(Web page caption snippets)
________

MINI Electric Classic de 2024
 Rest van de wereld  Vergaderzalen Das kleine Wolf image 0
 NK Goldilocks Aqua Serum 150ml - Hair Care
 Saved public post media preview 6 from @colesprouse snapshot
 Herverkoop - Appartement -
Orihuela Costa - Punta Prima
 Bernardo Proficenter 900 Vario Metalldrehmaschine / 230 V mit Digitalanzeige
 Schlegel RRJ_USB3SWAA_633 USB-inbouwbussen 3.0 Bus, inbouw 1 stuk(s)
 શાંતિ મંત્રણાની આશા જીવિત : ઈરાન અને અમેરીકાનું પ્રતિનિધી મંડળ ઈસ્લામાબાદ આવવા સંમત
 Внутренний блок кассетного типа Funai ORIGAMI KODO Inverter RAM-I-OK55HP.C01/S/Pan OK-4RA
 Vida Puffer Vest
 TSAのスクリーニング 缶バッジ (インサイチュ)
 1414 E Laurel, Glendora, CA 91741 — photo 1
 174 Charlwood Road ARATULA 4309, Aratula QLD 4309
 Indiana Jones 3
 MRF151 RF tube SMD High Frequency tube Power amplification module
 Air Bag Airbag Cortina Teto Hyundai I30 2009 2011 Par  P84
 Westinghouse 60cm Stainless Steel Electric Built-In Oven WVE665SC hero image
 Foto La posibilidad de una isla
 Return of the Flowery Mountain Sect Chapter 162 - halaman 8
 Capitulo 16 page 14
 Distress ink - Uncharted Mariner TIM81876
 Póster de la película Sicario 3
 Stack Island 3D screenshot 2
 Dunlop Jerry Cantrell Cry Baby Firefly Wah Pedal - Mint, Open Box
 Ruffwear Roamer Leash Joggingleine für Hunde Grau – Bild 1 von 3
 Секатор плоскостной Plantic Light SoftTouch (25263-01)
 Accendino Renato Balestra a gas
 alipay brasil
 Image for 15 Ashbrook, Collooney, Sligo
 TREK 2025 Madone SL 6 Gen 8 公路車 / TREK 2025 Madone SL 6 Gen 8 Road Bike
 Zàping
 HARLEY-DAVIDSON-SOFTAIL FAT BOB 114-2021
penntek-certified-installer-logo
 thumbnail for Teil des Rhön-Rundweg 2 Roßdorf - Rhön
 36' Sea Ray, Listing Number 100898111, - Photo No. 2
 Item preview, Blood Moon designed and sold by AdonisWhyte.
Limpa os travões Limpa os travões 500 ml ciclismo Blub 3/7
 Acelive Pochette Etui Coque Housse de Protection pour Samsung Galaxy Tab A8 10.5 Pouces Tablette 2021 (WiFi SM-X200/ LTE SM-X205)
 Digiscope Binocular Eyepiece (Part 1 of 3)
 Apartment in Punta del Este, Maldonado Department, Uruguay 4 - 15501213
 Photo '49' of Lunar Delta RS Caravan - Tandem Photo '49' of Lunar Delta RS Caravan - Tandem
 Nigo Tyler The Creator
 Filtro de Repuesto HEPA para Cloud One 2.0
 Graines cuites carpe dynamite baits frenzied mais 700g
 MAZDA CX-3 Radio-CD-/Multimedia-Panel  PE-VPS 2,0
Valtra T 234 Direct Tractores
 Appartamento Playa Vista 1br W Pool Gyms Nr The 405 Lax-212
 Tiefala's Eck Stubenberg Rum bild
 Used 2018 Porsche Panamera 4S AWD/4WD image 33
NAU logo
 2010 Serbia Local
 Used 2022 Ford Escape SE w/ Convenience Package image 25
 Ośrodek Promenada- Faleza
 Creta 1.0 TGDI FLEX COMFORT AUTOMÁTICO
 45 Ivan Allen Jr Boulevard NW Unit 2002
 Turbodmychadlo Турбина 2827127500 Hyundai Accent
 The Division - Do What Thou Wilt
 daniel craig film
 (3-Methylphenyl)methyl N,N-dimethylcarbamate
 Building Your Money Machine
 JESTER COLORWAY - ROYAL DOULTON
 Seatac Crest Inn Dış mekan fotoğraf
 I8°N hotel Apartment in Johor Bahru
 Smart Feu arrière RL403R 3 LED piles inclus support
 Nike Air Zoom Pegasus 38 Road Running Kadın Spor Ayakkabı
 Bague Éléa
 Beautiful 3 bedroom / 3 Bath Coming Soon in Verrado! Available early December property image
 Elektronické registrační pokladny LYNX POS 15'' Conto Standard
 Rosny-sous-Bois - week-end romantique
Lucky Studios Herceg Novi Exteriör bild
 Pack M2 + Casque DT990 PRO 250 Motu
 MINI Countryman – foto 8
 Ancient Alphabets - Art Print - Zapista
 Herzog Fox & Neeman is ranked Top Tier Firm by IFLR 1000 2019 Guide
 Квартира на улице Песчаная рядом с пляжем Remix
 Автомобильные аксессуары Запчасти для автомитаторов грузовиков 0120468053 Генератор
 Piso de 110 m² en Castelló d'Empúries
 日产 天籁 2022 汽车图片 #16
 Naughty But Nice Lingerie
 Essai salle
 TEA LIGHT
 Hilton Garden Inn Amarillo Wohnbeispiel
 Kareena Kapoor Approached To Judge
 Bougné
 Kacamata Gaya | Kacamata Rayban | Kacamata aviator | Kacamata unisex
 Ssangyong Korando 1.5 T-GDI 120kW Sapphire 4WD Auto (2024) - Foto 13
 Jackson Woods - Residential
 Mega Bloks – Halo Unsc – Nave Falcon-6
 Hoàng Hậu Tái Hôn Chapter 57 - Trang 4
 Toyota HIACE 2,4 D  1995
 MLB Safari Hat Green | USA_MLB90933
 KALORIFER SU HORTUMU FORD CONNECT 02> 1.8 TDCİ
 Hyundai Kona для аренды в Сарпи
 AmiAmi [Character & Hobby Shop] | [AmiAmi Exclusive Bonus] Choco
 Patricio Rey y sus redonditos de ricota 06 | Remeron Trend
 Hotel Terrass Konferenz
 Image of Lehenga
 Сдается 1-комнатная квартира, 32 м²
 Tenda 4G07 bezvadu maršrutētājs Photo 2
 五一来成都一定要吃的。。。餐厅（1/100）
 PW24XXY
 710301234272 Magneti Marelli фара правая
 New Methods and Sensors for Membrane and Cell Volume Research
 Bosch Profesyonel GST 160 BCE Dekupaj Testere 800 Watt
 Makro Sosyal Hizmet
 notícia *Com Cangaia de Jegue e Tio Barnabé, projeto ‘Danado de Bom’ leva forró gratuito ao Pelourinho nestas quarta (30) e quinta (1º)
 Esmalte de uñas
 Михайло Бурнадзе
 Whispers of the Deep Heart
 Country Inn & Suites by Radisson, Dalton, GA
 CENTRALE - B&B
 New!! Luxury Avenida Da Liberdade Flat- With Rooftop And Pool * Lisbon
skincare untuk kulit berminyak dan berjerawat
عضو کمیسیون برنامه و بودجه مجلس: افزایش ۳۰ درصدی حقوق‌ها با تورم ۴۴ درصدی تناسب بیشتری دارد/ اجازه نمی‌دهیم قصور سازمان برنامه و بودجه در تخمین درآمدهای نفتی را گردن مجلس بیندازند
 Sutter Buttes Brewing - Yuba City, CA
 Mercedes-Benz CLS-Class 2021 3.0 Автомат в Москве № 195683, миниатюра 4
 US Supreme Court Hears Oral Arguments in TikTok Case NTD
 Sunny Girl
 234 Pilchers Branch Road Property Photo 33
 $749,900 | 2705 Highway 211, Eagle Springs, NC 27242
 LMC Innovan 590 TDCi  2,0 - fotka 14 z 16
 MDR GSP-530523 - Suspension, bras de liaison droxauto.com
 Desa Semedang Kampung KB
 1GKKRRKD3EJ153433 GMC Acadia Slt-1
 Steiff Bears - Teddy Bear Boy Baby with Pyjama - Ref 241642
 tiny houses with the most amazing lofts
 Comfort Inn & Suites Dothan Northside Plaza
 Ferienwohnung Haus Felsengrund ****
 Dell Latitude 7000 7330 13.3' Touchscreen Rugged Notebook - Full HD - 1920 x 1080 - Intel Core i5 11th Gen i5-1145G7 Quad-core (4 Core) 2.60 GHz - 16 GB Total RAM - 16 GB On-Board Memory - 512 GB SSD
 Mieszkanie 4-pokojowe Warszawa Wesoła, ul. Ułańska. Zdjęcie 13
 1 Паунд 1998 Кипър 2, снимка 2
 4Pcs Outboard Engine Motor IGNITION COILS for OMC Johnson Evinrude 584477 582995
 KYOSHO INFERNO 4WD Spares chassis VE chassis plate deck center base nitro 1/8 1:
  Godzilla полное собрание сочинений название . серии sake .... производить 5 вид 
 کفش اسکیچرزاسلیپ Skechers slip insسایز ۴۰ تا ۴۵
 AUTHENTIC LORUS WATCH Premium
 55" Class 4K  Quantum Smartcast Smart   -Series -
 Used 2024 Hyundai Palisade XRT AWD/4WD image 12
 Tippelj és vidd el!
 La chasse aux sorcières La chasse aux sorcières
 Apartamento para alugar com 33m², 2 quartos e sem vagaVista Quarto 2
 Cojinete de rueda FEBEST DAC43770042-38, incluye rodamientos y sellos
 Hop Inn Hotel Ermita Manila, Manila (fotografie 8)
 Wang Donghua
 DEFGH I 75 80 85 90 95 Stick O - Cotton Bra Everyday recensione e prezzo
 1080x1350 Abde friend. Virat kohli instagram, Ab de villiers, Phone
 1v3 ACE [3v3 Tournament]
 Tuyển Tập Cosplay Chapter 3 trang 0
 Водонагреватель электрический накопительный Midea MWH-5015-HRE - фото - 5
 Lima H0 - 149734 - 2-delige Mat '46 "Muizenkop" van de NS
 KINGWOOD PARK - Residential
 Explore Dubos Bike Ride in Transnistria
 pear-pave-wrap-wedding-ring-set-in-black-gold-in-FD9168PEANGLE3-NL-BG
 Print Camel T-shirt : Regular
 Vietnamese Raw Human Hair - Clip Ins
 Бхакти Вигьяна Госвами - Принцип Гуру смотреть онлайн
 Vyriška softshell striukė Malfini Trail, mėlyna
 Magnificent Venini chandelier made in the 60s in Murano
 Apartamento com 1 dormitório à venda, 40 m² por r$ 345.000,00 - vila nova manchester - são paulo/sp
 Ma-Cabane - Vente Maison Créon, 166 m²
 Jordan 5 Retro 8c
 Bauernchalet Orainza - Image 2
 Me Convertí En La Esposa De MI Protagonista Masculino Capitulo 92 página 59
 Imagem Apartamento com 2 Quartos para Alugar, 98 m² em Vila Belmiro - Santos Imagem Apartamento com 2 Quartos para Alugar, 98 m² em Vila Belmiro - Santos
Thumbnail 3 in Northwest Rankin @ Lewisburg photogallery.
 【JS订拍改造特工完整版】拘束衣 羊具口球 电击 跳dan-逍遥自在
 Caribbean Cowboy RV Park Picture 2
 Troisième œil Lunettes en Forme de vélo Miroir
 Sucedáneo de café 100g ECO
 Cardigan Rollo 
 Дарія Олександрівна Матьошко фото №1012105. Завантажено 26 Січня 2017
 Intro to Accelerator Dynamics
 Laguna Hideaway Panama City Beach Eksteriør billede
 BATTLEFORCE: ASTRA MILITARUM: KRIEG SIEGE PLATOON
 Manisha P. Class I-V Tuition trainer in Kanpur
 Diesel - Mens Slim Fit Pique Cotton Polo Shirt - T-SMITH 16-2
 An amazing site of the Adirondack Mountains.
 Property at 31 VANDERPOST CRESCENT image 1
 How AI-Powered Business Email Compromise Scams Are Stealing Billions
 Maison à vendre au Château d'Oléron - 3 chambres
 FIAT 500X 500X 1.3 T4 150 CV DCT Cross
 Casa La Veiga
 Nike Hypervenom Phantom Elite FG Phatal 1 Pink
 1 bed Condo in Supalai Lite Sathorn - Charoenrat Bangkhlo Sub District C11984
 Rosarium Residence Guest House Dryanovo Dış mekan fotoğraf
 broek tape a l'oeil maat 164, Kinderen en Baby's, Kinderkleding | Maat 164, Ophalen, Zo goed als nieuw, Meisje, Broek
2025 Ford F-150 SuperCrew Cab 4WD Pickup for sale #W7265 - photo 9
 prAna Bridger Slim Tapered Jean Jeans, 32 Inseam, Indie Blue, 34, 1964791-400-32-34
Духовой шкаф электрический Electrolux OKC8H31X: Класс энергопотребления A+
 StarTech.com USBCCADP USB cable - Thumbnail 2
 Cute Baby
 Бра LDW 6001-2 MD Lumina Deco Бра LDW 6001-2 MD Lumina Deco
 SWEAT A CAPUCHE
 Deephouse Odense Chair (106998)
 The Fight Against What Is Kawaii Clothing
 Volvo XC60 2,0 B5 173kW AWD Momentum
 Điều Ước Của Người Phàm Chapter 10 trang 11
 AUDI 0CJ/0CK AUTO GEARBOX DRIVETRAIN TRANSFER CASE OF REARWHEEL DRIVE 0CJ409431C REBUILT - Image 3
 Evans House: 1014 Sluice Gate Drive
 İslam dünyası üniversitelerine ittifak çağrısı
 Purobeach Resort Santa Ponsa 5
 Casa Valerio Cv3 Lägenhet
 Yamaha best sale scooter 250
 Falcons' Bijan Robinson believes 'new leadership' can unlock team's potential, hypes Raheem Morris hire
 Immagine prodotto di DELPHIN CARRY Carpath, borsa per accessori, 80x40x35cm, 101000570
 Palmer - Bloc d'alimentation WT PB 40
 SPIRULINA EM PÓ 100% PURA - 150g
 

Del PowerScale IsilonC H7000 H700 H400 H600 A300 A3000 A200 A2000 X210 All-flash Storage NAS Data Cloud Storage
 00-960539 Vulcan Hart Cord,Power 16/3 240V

________

(Problem description) What is needed is an exact copy of the lines above, from the one containing "(3-Methylphenyl)methyl N,N-dimethylcarbamate" through the one containing "Elektronické registrační pokladny", with nothing added.

(Expected answer)
 (3-Methylphenyl)methyl N,N-dimethylcarbamate
 Building Your Money Machine
 JESTER COLORWAY - ROYAL DOULTON
 Seatac Crest Inn Dış mekan fotoğraf
 I8°N hotel Apartment in Johor Bahru
 Smart Feu arrière RL403R 3 LED piles inclus support
 Nike Air Zoom Pegasus 38 Road Running Kadın Spor Ayakkabı
 Bague Éléa
 Beautiful 3 bedroom / 3 Bath Coming Soon in Verrado! Available early December property image
 Elektronické registrační pokladny LYNX POS 15'' Conto Standard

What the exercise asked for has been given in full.